Joe Shipman joeshipman at aol.com
Thu Apr 23 18:09:48 EDT 2020


Hersh is saying that the axiomatic method doesn’t capture the essence of what mathematicians do, I I am not arguing with that.

I have been trying to ask a specific question here, and I keep getting off-point answers. My question is how the axiomatic method is “harmful” to MATHEMATICS. In what ways have mathematicians been harmed, not by having the axiomatic method available as a tool which they may or may not choose to use, but by being either hampered in their regular work by an insistence upon axiomatics, or denied insight or blocked from progress due to a subject having been axiomatised in an unfortunate way?

I expect there are examples of this, but I want examples of THIS, rather than general criticism from outside mathematics that professional mathematicians may ignore.

— JS

Sent from my iPhone

> On Apr 23, 2020, at 5:19 PM, Timothy Y. Chow <tchow at math.princeton.edu> wrote:
> 
> Joe Shipman wrote:
> 
>> > On the other hand, some philosophers also argue that the axiomatic > view on mathematics may be harmful in that it omits fundamental > aspects of mathematical practice and idealizes mathematical reasoning > in an unfaithful way.
>> 
>> Which philosophers?

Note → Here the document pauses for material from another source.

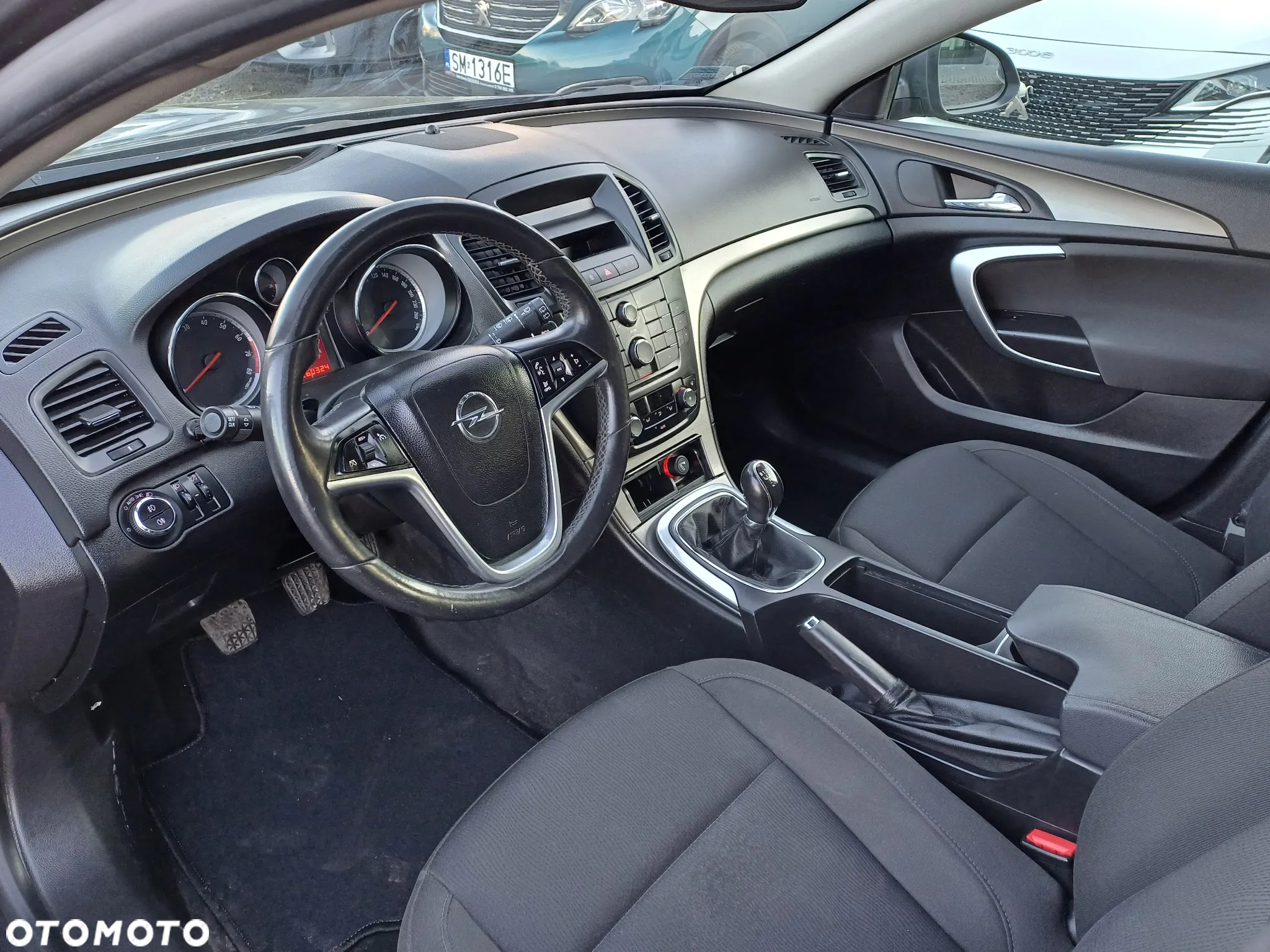 Opel Insignia 1.4 T Edition S&S - 11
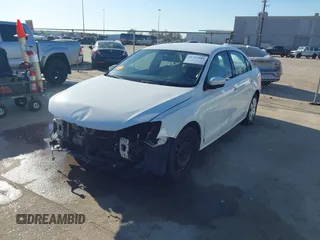 2013 Volkswagen Jetta SE with VIN 3VWDX7AJ1DM367499, listed as a IAAI auction lot 41762284 with 120,554 mi miles and . Bid and sale history available at DreamBid. Image 2.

I'm interested in any references you have on this topic.
> 
> Depending on what exactly is meant by "the axiomatic view on mathematics" (and also on who counts as a "philosopher"!), Reuben Hersh might be an example.  In his essay, "How Mathematicians Convince Each Other, or `The Kingdom of Math is Within You,'" Hersh writes (among many other things):
> 
>   One may use formal proof as a "model" of mathematicians' proof, but
>   mathematicians' proof is not formal proof.  Our starting point is
>   established mathematics, not some postulated axioms, and our reasoning
>   is "semantic", based on the properties of mathematical entities, rather
>   than "syntactic", based on properties of formal sentences.
> 
> Note particularly his claim that "Our starting point is ... not some postulated axioms."